What is required:
In the entries below, which lines run from the one with "2 Photograph of" through the one with "1982 Press Photo"? Repeat exactly those, both included, and no pictures.

──────── Dataset content ────────

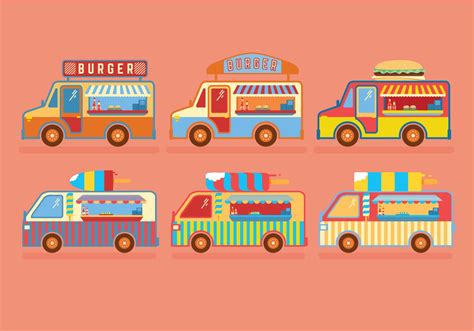 Food Truck Vectors 96586 Vector Art at Vecteezy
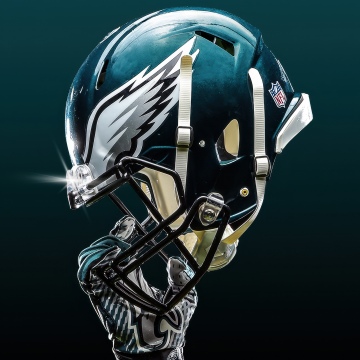 Philadelphia Eagles Wing Helmet, 5K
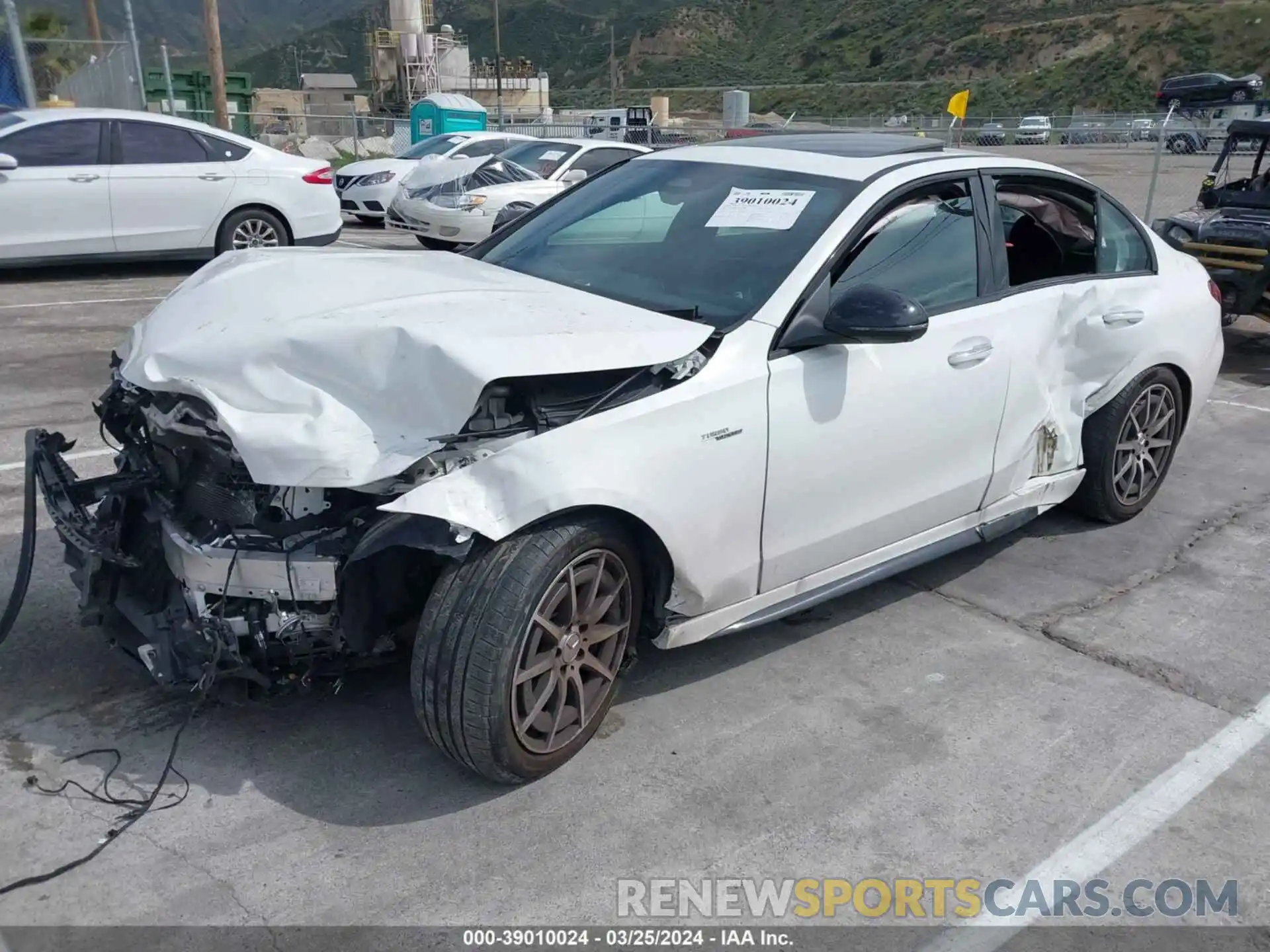 2 Photograph of a damaged car W1KAF8HB7PR096227 MERCEDES-BENZ AMG C 43 2023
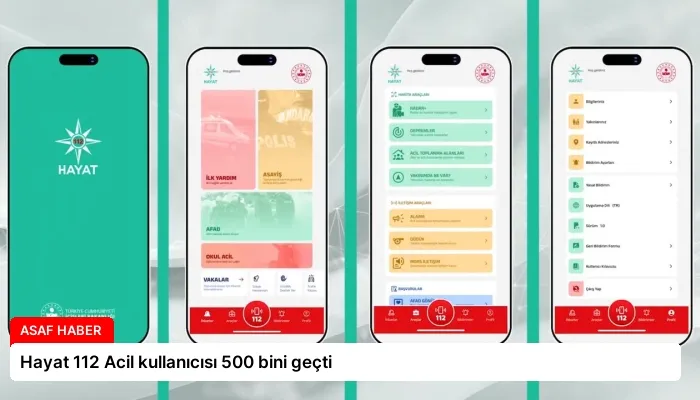 Hayat 112 Acil kullanıcısı 500 bini geçti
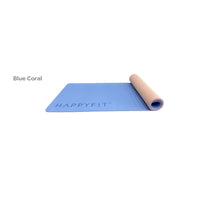 HAPPYFIT [Free Strap] Yoga Mat Tpe Eco Friendly 6mm HAPPYFIT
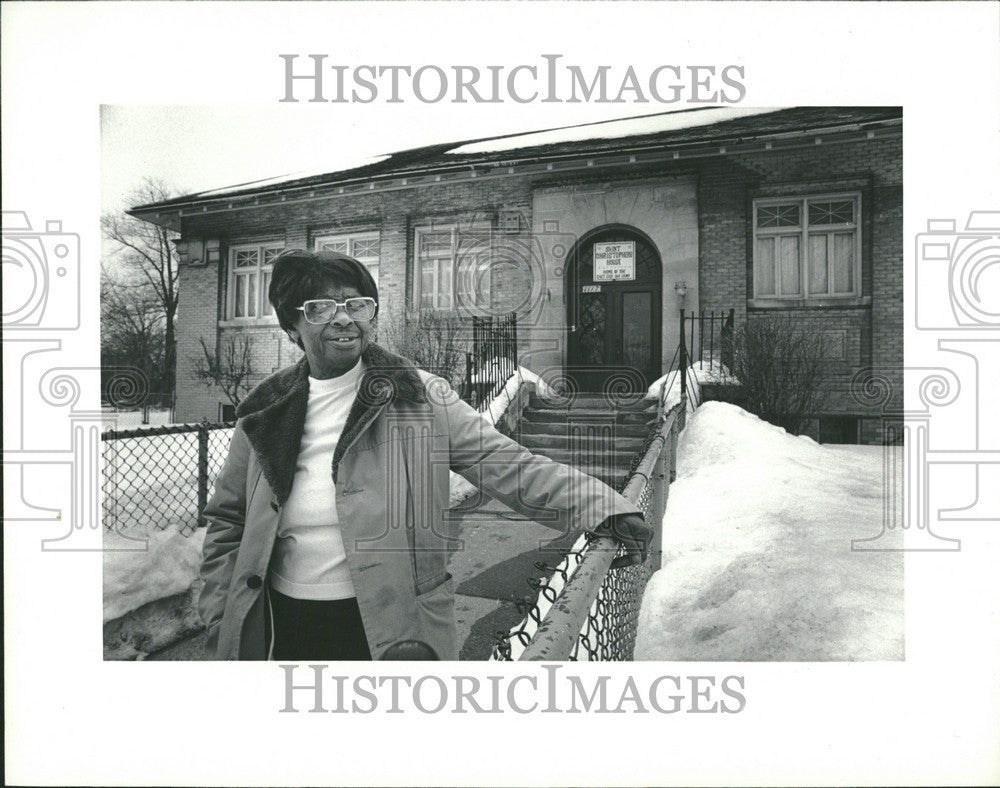 1982 Press Photo Hilda Manson - Historic Images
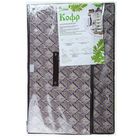 Короб стеллажный для хранения с крышкой «Клетка», 60×40×30 см, цвет серо-коричневый - Фото 6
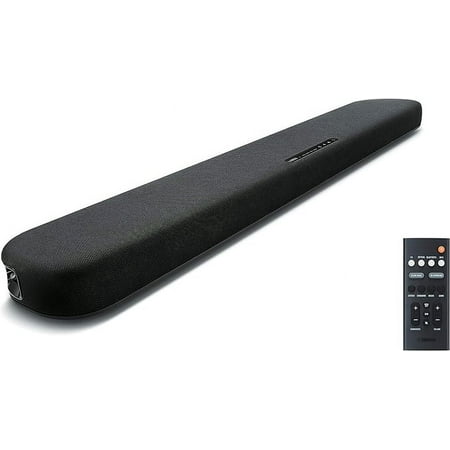 Restored Yamaha Audio SR-B20A Sound Bar with Built-in Subwoofers and Bluetooth - Black
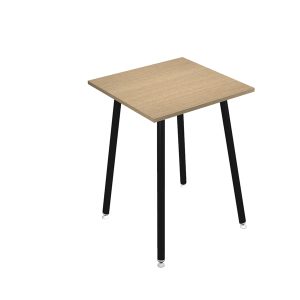 Tavolo alto Skinny Metal - 80 x 80 x 105 cm - nero/rovere - immagine 2
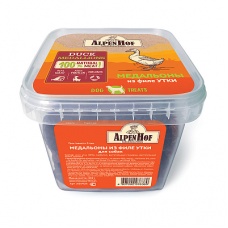 AlpenHof Лакомство Медальоны из филе утки для собак 450 г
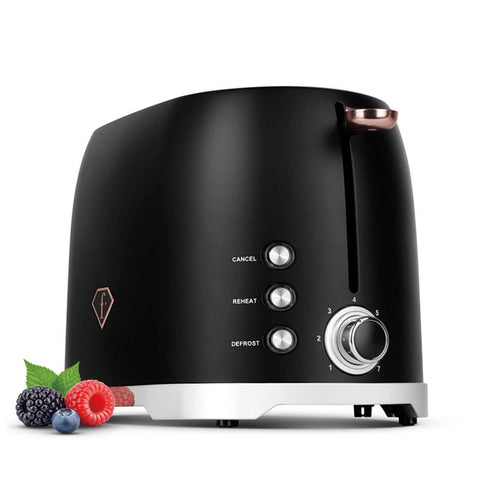  FTV-0111, Tostadora, Negro Oro Rosa, Eléctrica, Dos Rebanadas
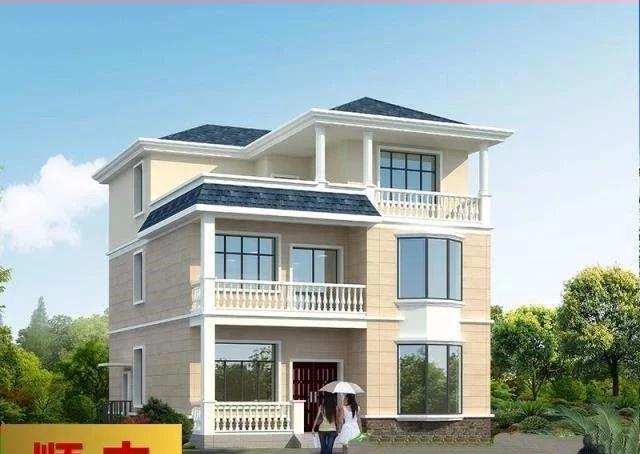 3款農村三間自建樓房設計方案，村長看了都點贊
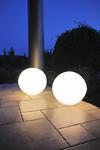 Lampa Stojąca MOON SP-MOON35-LIGHT Biała PD Concept 35 cm podświetlana kula LED w sklepie internetowym BajkoweLampy.pl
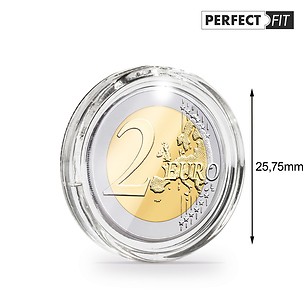 Capsules ULTRA Perfect Fit pour 2 Euro (25,75 mm), paquete de 10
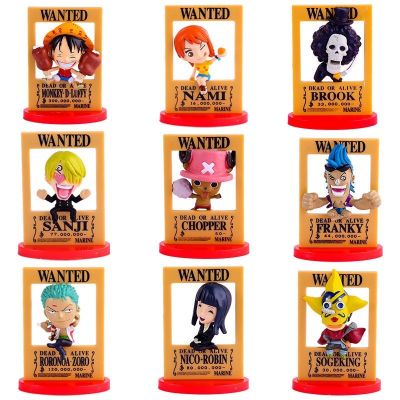 Action FiguresZZOOI 9pcs/set Anime One Piece Luffy Zoro Doll Action Figure Nami Sanji Decoration Cartoons Pirate Wanted Model Collection Toys Gift Action Figures
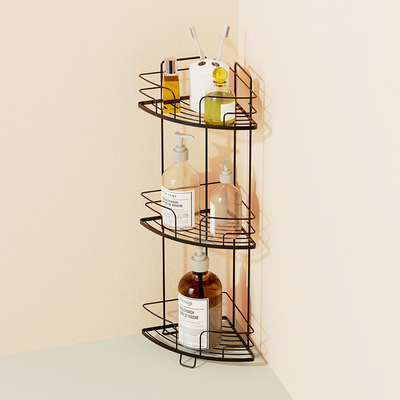 acheter Étagère de coin de douche de 3 niveaux montée sur le mur pour le stockage et l'organisation de la salle de bain fabrication en ligne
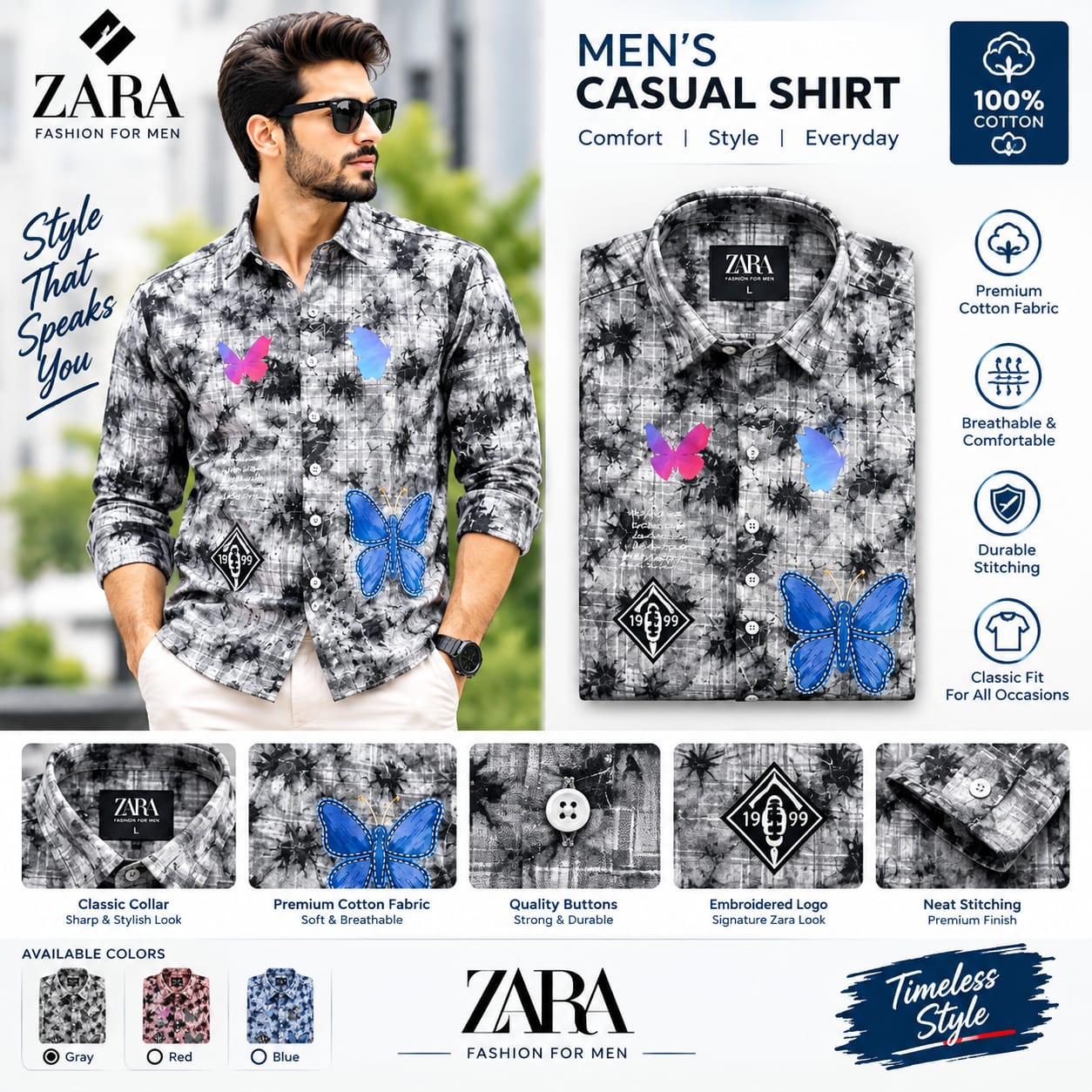 zara mens casual shirt styel  that spearks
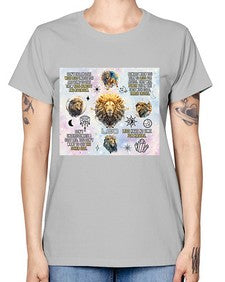 Straight Leo 473# - leo -  Missy T-Shirt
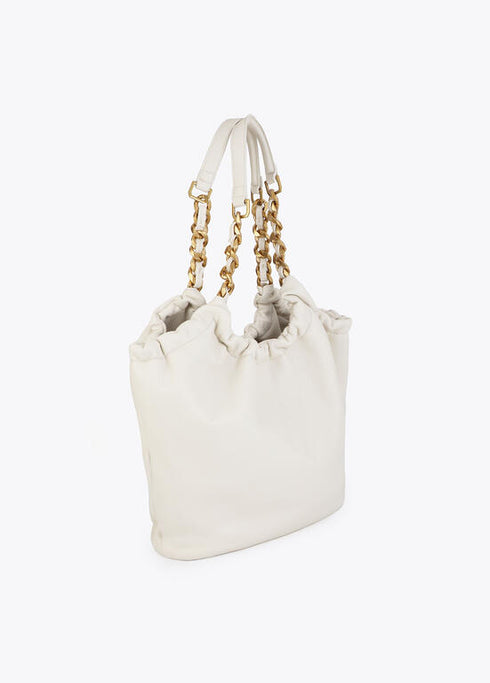 Shopper LC animal con detalle cadena CRUDO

────────

Reply:
 2 Photograph of a damaged car W1KAF8HB7PR096227 MERCEDES-BENZ AMG C 43 2023
 Hayat 112 Acil kullanıcısı 500 bini geçti
 HAPPYFIT [Free Strap] Yoga Mat Tpe Eco Friendly 6mm HAPPYFIT
 1982 Press Photo Hilda Manson - Historic Images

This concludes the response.